A better way to tag taxonomic ranks

Hi mappers,

This thread was originally created for gathering feedback on a proposal. But with discussions came new insights. I’ve cancelled the proposal in favour of the discussion, which (hopefully) will lead to a new kind of proposal.

The original proposal can still be found here. But please join the discussion for a better solution!

I’ve rewritten the proposal to be clearer and more concise, but made no substantive changes.

The explanation and reason haven’t justified this. taxon= is exactly not meant to be parsed, It’s a method to fill in the taxonomy without ranking it. What’s the problem with using species= , taxon:*= ?

1 Like

That’s a fair question, we’re having a similar discussion in the Dutch community. Where I’m aming at with this proposal, is infraspecific names such as subspecies and cultivar. I think there is a lacking of consensus over how to tag these. One person prefers to add everything to the species=* tag, the other uses taxon=* in combination with unnecessary infraspecific tags. For example, taxon:cultivar=Flame, says something about taxon=*. That’s a tag saying something about another tag and a tag that is useless by itself, which (I heard) is a thing we should prevent.
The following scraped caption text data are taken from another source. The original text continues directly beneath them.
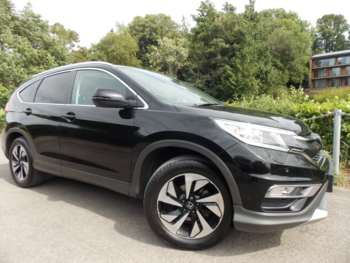 2016 (66) - 2.0 i-VTEC EX 5dr Auto Metallic Black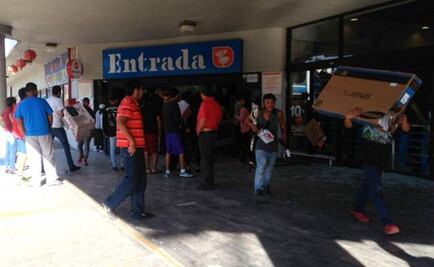 Mexico gas protests, looting, leave 1 dead, 600 arrested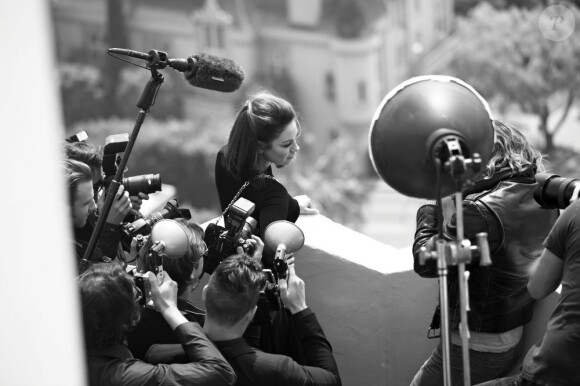 Making of de la campagne Dior avec la charmante Mila Kunis
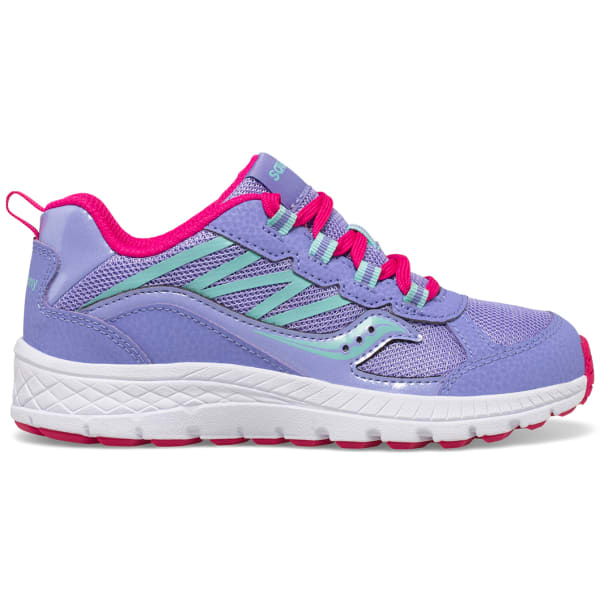 SAUCONY Girls' Dash Grade School Running Shoes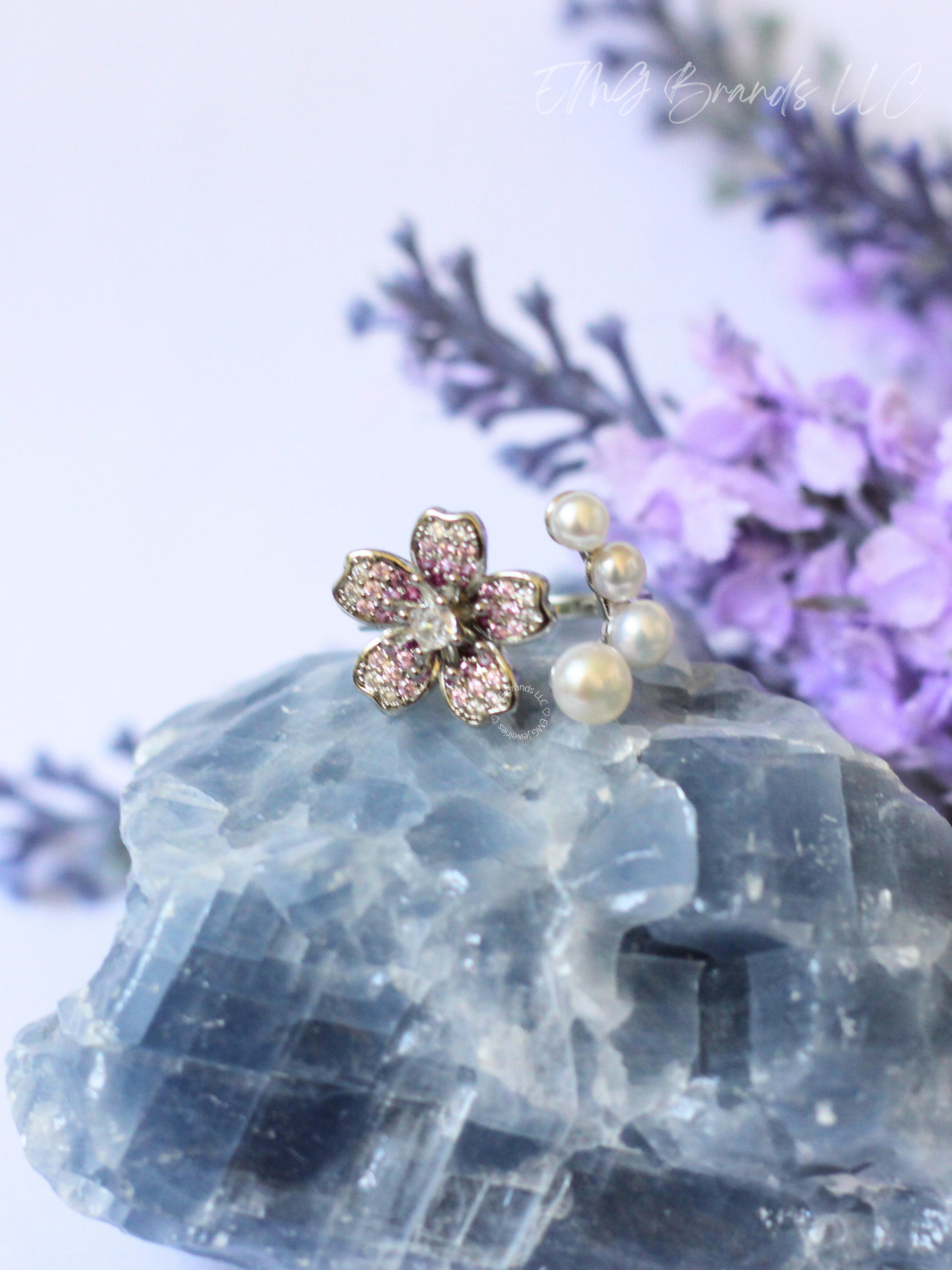 Sakura Pearl Ring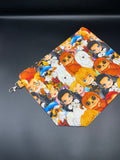 Chibi labyrinth wedge bag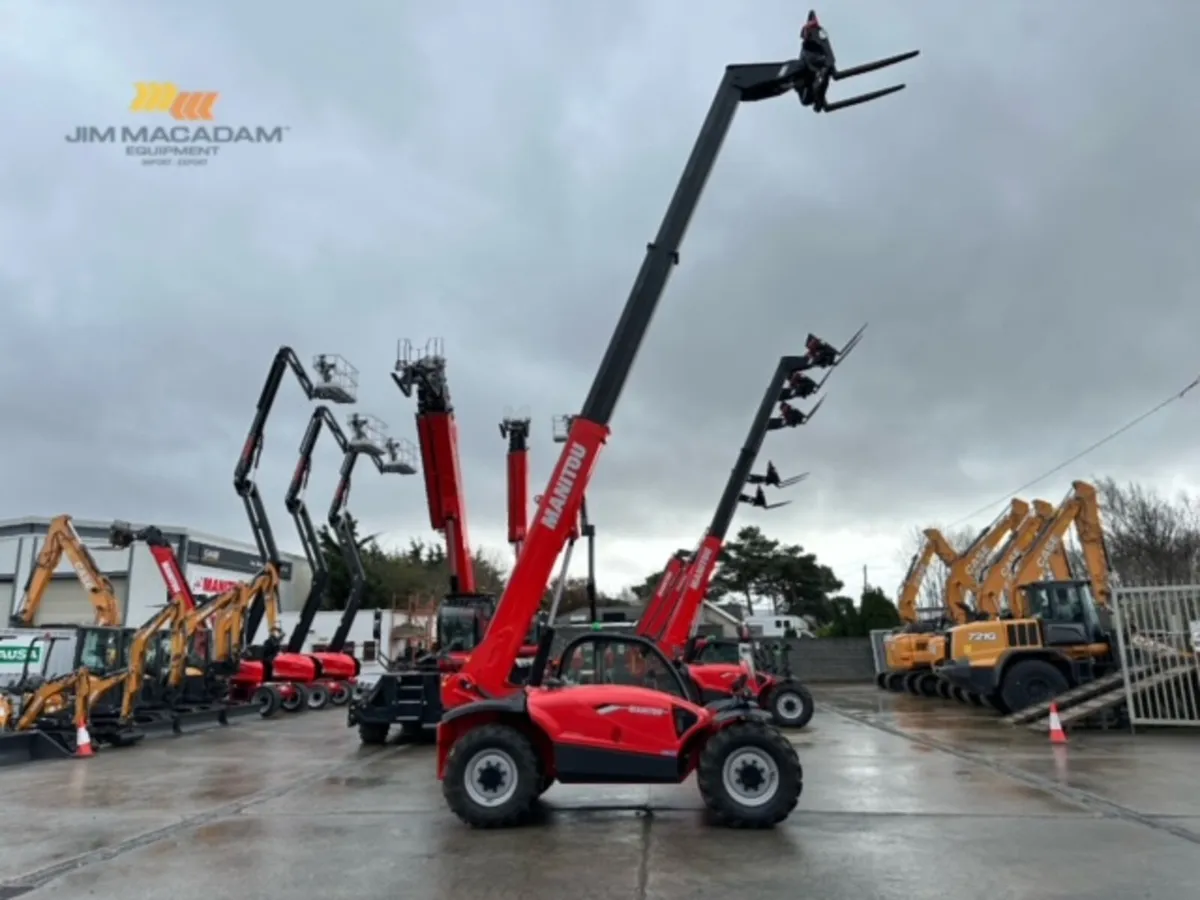 Manitou MT930H Compact Machine 9m 3 ton capacity - Image 2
So based on that I’m already deviating from my original proposal and was thinking about the following two options:

  1. Put infraspecific names, so everything that comes after species in hierarchy (subspecies, variety, form, cultivar, etc.), inside the species=* tag. Documenting that and deprecate/discourage infraspecific taxon sub-keys like taxon:cultivar=* & taxon:subspecies=*, which don’t hold any valuable information and only say something about taxon=*, in favour of that way of tagging. Like species=Fraxinus angustifolia var. pilosa. Or;
  2. Put infraspecific names in their own taxon:<taxon_rank>=* key. Such as taxon:cultivated_species=Fraxinus angustifolia 'Flame'. This is different from my original proposal for taxon:rank=cultivated_species, because that would be a tag saying something about taxon=*. The taxon:<taxon_rank>=* key is useful by itself.

The first option is less accurate and harder to parse. The second option is more explicit, but therefore making it more complex.

Either ways, I think it’s good to have consensus over which way to go when tagging infraspecific names.

From what I understand, species is basically a shorthand for taxon:species and below, i.e. it says something about taxon. taxon itself is supposed to be reserved for use when the specific subkeys aren’t known; it allows later mappers to categorise it accordingly.

taxon won’t usually be used, but it’s a good fallback as outlined above.

I’d prefer the second way of tagging, and where it is too complex, one can put the (full) name into the taxon key or species information with subspecies and cultivar into species.

E.g. Fraxinus angustifolia subsp. oxycarpa 'Raywood' would become
Full tagging:

taxon:genus=Fraxinus
taxon:species=angustifolia
taxon:subspecies=oxycarpa
taxon:cultivar=Raywood

A bit simpler at the expense of machine readability is

taxon:genus=Fraxinus
species=angustifolia subsp. oxycarpa 'Raywood'

And the simplest tagging for other mappers is
taxon=Fraxinus angustifolia subsp. oxycarpa 'Raywood'

Of course, a taxon:wikidata could alleviate the need for any other taxon:* key.

1 Like

Personally, I’m not a big fan of splitting the genus from the species. The species is a binomial name, it always consist of two parts. Splitting the species from genus would be make no sense, because the taxon:species(=angustifolia) tag would be unusable without the taxon:genus(=Fraxinus) tag.

The same goes for subspecies, cultivar, form, etc. There is no point to split each of those up into their own tags, because they all depend on each other. It’s only usable when they form a complete taxonomic name.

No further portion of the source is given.